**YOUR GOAL**
Identify each line below that contains the word "Residence", and copy it out.

**MATERIAL PROVIDED**
══════

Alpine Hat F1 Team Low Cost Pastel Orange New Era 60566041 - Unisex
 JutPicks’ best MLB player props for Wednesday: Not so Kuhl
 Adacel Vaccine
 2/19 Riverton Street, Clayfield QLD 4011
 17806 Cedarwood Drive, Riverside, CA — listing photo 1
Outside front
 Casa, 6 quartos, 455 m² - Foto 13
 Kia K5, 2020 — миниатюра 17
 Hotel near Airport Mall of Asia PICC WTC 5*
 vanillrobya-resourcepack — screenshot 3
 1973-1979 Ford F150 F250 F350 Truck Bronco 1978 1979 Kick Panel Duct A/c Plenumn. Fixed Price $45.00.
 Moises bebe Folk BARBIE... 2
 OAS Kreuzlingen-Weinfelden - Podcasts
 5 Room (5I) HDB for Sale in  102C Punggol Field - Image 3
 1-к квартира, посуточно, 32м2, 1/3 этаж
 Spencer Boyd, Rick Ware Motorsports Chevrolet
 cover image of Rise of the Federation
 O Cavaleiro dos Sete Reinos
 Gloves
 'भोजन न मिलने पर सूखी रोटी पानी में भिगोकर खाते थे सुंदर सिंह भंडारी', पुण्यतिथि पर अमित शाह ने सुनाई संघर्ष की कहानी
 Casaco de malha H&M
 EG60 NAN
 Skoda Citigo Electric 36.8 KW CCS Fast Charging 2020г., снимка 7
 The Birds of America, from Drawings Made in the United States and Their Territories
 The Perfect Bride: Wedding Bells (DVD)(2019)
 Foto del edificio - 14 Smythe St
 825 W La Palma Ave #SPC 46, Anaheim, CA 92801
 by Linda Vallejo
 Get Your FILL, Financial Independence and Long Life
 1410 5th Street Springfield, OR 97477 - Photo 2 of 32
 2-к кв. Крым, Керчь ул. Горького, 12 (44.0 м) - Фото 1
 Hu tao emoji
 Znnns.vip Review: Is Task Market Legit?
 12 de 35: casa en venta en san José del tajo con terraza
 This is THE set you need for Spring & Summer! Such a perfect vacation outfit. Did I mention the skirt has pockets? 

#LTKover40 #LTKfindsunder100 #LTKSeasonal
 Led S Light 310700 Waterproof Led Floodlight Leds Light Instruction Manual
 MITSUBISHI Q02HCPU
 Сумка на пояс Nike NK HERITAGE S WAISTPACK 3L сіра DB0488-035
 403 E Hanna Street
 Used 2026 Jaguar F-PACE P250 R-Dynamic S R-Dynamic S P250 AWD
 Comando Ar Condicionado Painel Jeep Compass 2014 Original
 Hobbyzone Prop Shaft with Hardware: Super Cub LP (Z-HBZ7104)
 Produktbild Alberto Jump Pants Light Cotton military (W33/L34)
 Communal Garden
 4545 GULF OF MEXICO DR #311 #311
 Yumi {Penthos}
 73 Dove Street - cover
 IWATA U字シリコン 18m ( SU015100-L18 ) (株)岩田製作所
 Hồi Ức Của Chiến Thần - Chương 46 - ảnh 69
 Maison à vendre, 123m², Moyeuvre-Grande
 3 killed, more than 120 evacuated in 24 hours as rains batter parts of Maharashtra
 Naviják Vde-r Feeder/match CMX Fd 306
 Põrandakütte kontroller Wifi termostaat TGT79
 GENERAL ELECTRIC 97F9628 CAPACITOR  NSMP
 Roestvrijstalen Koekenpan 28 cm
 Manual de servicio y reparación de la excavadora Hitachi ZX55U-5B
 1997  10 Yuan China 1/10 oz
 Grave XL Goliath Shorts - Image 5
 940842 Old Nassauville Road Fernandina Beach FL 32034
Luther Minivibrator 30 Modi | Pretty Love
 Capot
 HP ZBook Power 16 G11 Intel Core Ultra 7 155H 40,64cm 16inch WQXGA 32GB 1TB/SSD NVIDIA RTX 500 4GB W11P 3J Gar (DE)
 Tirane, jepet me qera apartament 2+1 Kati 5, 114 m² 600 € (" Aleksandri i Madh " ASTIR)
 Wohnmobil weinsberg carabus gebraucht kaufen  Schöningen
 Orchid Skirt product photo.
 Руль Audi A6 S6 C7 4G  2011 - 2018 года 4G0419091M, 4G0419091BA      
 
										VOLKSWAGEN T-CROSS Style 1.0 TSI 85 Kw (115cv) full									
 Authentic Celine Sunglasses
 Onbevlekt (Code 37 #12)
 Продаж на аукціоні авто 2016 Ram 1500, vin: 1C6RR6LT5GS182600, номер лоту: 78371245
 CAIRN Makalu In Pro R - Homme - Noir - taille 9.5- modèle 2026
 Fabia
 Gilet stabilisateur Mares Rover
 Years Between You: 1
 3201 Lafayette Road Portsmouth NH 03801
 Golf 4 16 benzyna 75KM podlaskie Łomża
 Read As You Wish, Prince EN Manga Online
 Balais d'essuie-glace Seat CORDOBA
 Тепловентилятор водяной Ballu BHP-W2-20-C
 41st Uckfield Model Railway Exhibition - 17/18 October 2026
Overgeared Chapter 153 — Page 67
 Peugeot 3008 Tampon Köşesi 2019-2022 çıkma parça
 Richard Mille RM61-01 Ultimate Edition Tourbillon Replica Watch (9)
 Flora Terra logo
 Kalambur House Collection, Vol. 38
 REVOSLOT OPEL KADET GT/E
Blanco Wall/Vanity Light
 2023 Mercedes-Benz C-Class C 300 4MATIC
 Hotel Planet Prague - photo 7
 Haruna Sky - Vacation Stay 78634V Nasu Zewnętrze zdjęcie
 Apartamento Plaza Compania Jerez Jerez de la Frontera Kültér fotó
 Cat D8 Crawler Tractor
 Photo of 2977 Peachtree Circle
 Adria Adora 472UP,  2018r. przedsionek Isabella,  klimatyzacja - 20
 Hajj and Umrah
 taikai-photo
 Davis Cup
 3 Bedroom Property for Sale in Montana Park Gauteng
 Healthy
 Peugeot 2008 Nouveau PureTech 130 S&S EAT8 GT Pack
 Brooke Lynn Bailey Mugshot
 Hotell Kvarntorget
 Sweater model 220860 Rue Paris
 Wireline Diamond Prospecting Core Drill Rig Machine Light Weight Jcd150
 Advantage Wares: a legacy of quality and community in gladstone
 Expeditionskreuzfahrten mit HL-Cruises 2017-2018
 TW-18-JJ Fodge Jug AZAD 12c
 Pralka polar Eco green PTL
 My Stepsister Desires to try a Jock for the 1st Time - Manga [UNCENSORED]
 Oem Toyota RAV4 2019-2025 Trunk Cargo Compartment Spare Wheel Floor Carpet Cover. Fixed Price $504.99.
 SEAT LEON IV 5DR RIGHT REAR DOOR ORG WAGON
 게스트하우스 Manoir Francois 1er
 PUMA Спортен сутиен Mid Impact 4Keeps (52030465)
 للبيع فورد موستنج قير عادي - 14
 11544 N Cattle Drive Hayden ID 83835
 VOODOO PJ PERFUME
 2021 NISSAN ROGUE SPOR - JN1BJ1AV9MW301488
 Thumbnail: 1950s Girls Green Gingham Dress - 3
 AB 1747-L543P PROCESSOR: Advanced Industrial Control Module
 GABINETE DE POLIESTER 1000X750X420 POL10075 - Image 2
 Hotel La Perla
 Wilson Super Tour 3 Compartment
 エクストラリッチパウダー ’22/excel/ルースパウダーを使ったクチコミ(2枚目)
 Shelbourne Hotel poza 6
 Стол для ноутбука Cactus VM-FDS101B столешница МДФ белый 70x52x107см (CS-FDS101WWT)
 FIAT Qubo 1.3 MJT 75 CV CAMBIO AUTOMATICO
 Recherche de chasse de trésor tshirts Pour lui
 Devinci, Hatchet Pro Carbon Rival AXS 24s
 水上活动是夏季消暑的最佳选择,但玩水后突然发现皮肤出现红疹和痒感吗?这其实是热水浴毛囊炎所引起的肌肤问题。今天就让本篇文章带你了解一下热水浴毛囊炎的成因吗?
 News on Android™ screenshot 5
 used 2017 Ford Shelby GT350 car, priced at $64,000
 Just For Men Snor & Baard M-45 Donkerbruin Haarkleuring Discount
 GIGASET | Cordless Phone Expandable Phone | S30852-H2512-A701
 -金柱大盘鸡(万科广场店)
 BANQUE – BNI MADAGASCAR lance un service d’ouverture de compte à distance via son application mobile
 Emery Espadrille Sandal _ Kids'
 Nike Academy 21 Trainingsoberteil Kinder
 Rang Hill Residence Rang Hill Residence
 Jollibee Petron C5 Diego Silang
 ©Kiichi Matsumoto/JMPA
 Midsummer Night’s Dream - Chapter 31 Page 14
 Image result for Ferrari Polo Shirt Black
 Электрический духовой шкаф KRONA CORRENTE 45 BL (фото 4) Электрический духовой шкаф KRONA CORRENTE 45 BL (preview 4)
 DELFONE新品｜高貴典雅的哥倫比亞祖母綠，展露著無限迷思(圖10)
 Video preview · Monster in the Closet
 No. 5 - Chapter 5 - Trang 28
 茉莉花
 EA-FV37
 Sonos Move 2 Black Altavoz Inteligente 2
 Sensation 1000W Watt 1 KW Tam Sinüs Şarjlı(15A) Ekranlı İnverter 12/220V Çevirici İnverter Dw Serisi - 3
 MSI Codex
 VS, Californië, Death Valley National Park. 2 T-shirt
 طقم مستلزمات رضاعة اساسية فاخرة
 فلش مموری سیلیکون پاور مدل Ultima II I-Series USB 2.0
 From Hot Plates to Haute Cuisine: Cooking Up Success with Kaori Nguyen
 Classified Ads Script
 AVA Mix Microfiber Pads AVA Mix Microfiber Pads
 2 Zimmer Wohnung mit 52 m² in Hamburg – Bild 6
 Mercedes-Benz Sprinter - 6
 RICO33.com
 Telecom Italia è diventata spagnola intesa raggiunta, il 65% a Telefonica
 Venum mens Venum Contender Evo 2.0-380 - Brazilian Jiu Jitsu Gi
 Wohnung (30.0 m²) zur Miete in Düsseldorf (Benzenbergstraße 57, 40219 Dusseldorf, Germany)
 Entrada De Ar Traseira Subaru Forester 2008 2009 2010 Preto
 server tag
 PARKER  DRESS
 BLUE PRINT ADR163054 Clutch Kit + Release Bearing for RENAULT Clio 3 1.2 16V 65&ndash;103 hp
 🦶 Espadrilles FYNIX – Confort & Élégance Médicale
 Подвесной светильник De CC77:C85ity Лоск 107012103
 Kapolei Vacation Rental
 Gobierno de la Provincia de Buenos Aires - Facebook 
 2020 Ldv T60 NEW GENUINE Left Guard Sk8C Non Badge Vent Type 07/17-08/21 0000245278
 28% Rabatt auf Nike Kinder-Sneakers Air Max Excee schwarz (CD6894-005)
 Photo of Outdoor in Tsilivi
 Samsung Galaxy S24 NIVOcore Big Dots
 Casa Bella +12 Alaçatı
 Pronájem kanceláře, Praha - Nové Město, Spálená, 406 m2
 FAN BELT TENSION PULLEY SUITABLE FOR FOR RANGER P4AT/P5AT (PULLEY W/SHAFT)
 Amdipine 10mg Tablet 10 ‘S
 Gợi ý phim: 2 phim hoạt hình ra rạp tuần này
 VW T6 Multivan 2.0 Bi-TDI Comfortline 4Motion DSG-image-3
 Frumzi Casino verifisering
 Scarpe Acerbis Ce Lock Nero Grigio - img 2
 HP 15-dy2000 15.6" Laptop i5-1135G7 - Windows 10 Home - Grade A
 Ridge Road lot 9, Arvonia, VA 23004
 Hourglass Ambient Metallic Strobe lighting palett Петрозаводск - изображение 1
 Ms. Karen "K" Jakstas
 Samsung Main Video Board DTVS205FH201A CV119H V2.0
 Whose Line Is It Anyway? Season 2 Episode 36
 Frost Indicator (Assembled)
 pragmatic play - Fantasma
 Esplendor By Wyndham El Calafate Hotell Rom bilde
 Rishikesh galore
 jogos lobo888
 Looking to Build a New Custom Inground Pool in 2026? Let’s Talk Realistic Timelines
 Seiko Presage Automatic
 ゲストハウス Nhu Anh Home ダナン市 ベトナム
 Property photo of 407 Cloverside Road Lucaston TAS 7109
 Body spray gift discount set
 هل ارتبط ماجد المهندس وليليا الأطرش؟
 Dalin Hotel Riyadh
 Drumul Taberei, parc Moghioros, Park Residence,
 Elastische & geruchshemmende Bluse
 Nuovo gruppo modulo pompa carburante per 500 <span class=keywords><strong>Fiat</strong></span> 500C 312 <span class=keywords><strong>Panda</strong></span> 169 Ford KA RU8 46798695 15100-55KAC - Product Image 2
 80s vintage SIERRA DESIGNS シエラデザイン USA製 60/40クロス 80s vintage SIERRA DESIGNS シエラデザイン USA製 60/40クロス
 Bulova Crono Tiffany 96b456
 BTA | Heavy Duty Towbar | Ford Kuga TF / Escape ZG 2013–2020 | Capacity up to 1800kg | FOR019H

══════

**REPLY**
 Rang Hill Residence Rang Hill Residence
 Drumul Taberei, parc Moghioros, Park Residence,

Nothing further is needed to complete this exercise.